Our model has region effects whose variance is allowed to vary by c: \alpha_{i,c} \sim N(0, \sigma_{\text{region},c}) for regions i
We want to partially-pool information across c by modeling \sigma_{\text{region},c}.

I am not sure it is the absolute right approach, but I’ve had luck modeling by-group variances using an inverse gamma as a prior, and modeling the scale and rate hyperpriors with half-normals.

Just like how y[i] = mu + u[i] + e, you model:
log(sigma[i]) = lambda + u_lambda[i].

E.g., in brms, you can do y ~ 1 + (1|covar|c), sigma ~ 1 + (1|covar|c).
That puts a mixed model on both the location (mu) and scale (sigma). The scale model is log-linear, so it’s estimating: log(sigma_c) = lambda_0 + u_lambda[c], and both the random scale and location effects are permitted to covary.

Note: This also lets you predict variance for each observation, or each ‘c’, or whatever. So - not just hierarchical modelling, but linear modelling too.

Just wondering why you would prefer a gamma distribution over an exponential? Also, would love to see some code of just how to set up the transformed parameters block and sampling statements to understand fully how to set it up.

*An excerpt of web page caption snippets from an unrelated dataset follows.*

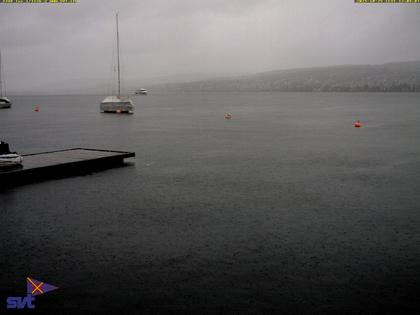 Thalwil › Ost: Zürichsee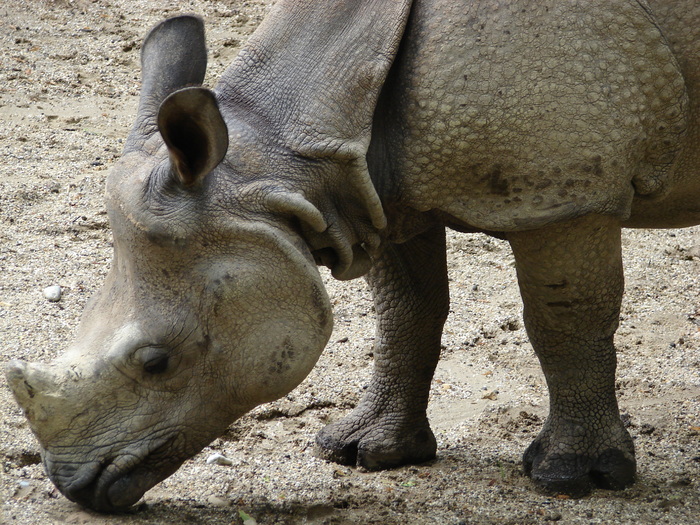Rhino (2009, June 27) - Schonbrunn Zoo Viena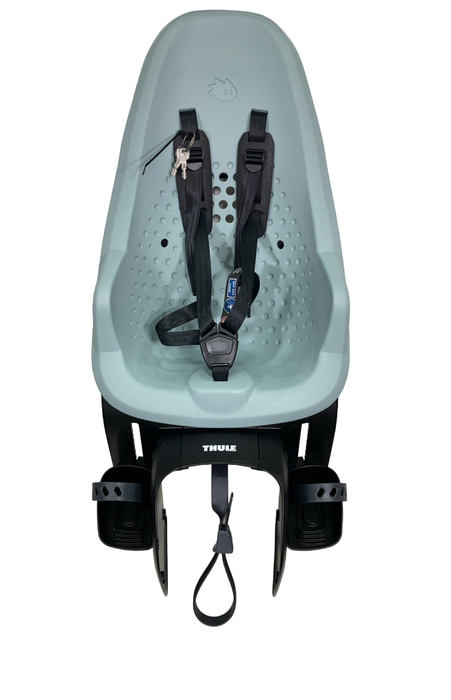 Shop Thule Yepp 2 Maxi Rack Mounted Child Bike Seat , Alaska at Goodbuygears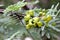 Divi-divi, Guaracabuya, Libidibia coriaria also known as Caesalpinia coriaria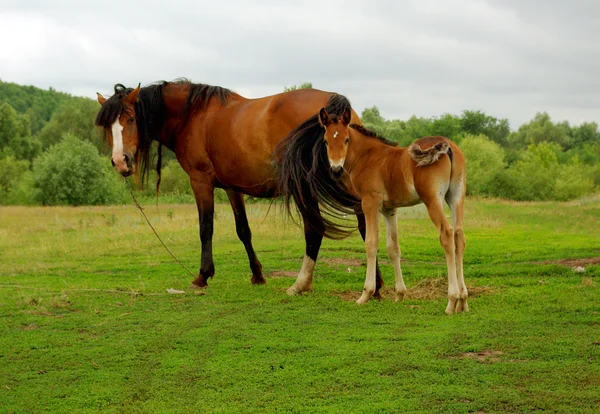 Horse and foal Stock Image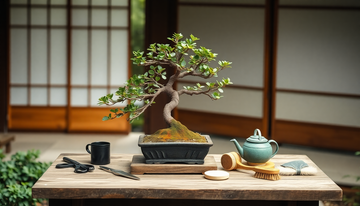 How to Care for Bonsai Trees: A Beginner's Guide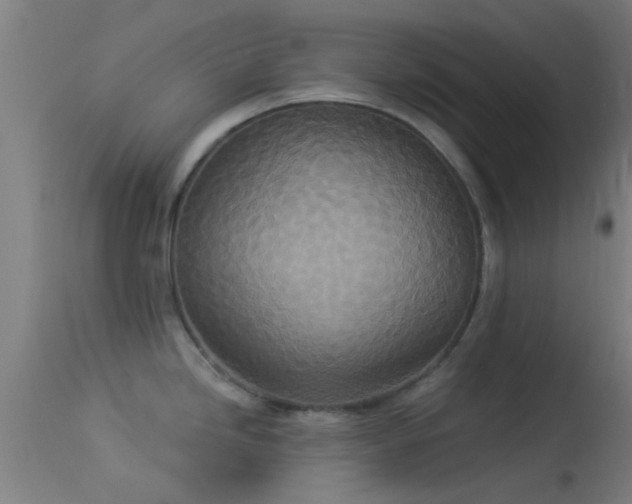 X0000114131246200910151537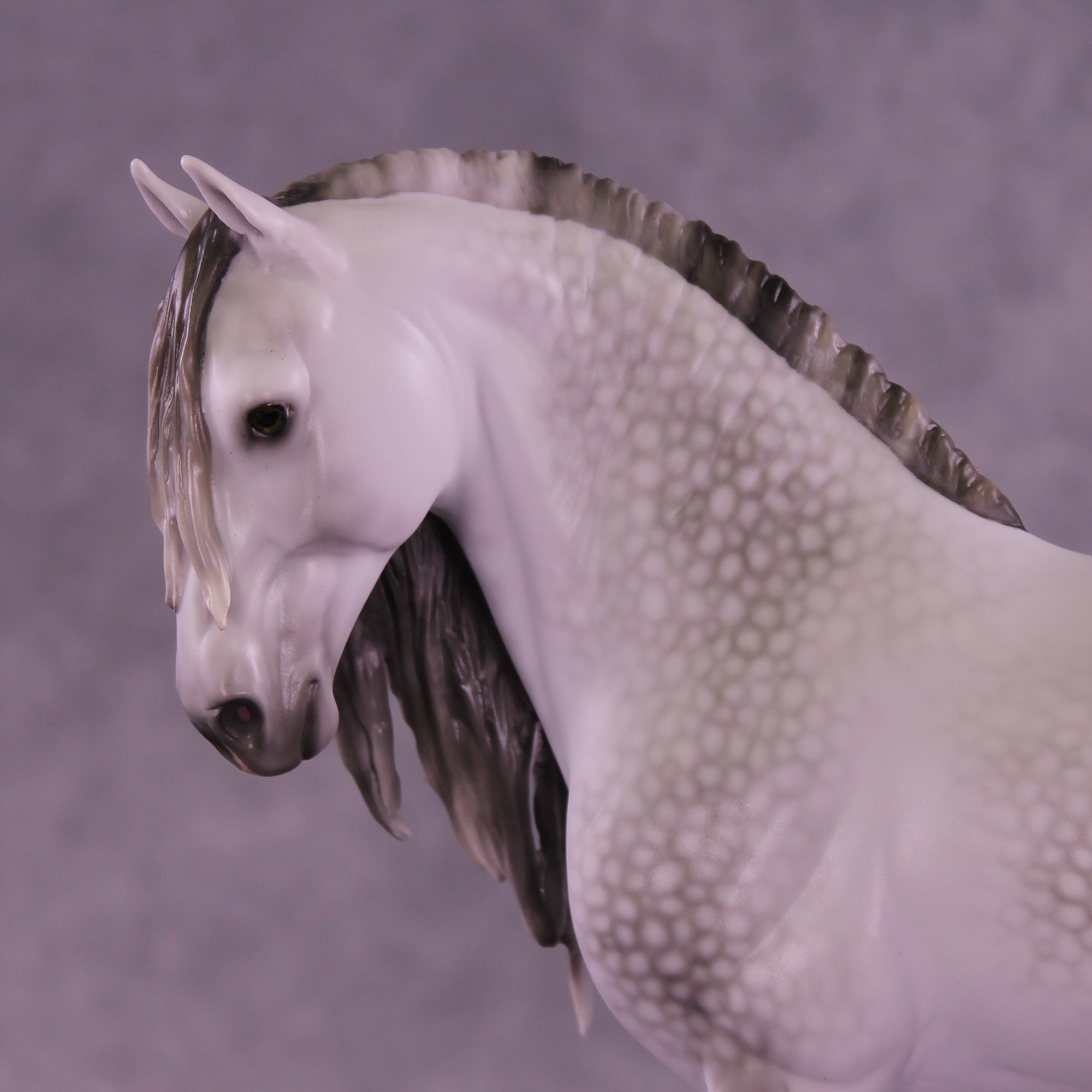 Mega Marshmallow Fluff Fandango OOAK EFCM Andalusian by Ellen Robbins &amp; Melanie Miller SCD26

I won’t pretend to be an expert, but my reasoning for using the inverse gamma is that I often don’t expect there to be much probability density around zero for the variance parameters, so using an exponential doesn’t make sense to me. It’s also the case that in trying the exponential for reasonably complex models with lots of groups I’ve experienced sampling problems. With an inverse gamma, you can parameterize it such that the probability drops off immediately around zero, and also around some reasonable upper limit. But in my case I often have a pretty good sense of the reasonable expected scale of variation between groups, so feel pretty comfortable using a fairly strong prior.